ICP pulse curves are generated by the transmission of blood pressure from the choroid plexus to the cerebrospinal fluid and brain parenchyma. These curves have 3 components: P1, P2 and P3. P1 is called the percussion wave and represents arterial pulsation. P2 or the tidal wave indicates cerebral venous flow and is associated with intracranial compliance. P3 appears after the closure of the aortic valve, resulting in a brief interruption of blood flow and a drop in ICP.45,46 As ICP increases, there is a progressive exhaustion of compensatory mechanisms, leading to an increase in P2. The severity of ICH becomes even greater when P3 is greater than P1.41

As it is a relatively new technique, the use of B4C is still under study, and its evaluation in the HE scenario has not yet been carried out. A 2021 study in 6 adult ICUs compared parameters obtained by B4C and invasive intraventricular monitoring in neurocritical patients and demonstrated a better statistical correlation between the ICP waveform morphology of the two techniques and the ICP values themselves, showing that, despite having a good correlation, intracranial compliance and ICP may have different assessment rhythms. The P2/P1 ratio, when greater than 1.2 showed good accuracy in predicting ICP higher than 20 mmHg, especially in those with an intact skull.46 In 2022, the same group of researchers made the same comparison using B4C, but in patients with traumatic brain injury, also showed a significant relationship between the mean ICP measured invasively and the P2/P1 reaction, with a value greater than 1.2 having a sensitivity of 85% and a specificity of 77% for the presence of ICH. In addition, P2/P1 was significantly higher in those patients who died in the early post-trauma period.47

In the pediatric population, there are currently few studies on the use of B4C, two in the setting of hydrocephalus. The first is a 2017 study that evaluated ICP pulse wave patterns in children with hydrocephalus, which also demonstrated good sensitivity and specificity of P2/P1 for the presence of ICH.48 In 2021, a case report of a 7-year-old girl with idiopathic intracranial hypertension who underwent lumbar puncture along with ICP monitoring via B4C was published. It showed that before the puncture, the patient had a P2/P1 ratio of 1.1, followed by 1.38 during the procedure and 0.65 after the procedure.49 In 2024, an observational study carried out in Brazil was published in which the morphology of the intracranial pressure curve in healthy children was evaluated. The results showed an average P2/P1 ratio of 0.94 in the sitting position and 0.91 in the supine position.50 Despite these findings, there are no studies to date on the use of B4C in children with liver failure, and it is not known whether the data found on the use of the P2/P1 ratio can be extrapolated to this population.

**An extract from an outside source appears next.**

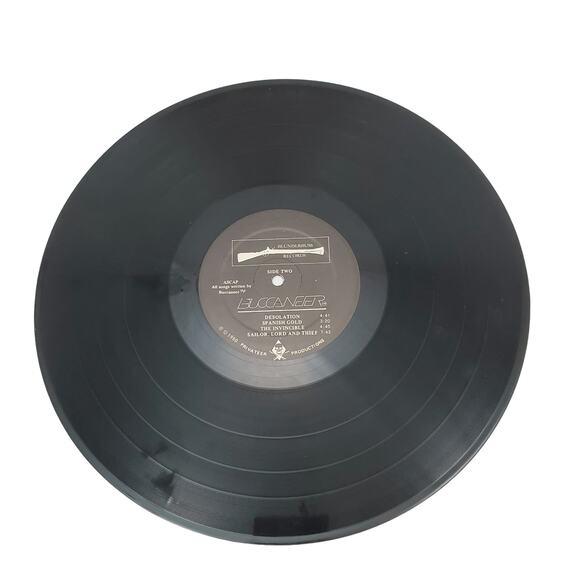 Buccaneer Self-Titled Vinyl LP Record Blunderbuss 1980 - Picture 1 of 6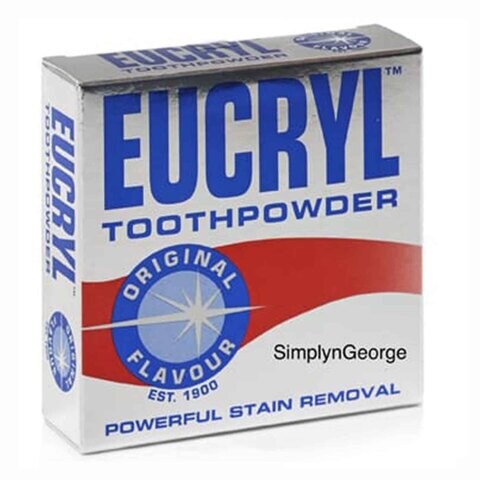 Eucryl Toothpowder Original 50G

B4C has two major limitations. First, the device is sensitive to patient movements and may generate artifacts hampering the measurements, an extremely important limitation in pediatrics. However, these artifacts can be reduced with the use of data processing algorithms. Second, there is a dependence on the operator to recognize the optimal acquisition of the curves since an inadequate position of the device may also alter the results. Another factor that must be considered is the lack of normative data on the P2/P1 ratio and peak time for healthy individuals of different age groups and sex, since the values obtained to date are based on critically ill patients. Additionally, there is a lack of an adequate device to accurately acquire data in patients with small head circumferences, generally below 34 cm (children < 1-year-old and congenital cranial malformations).45 More pediatric studies, including patients of different ages and pathological conditions, are needed for better validation.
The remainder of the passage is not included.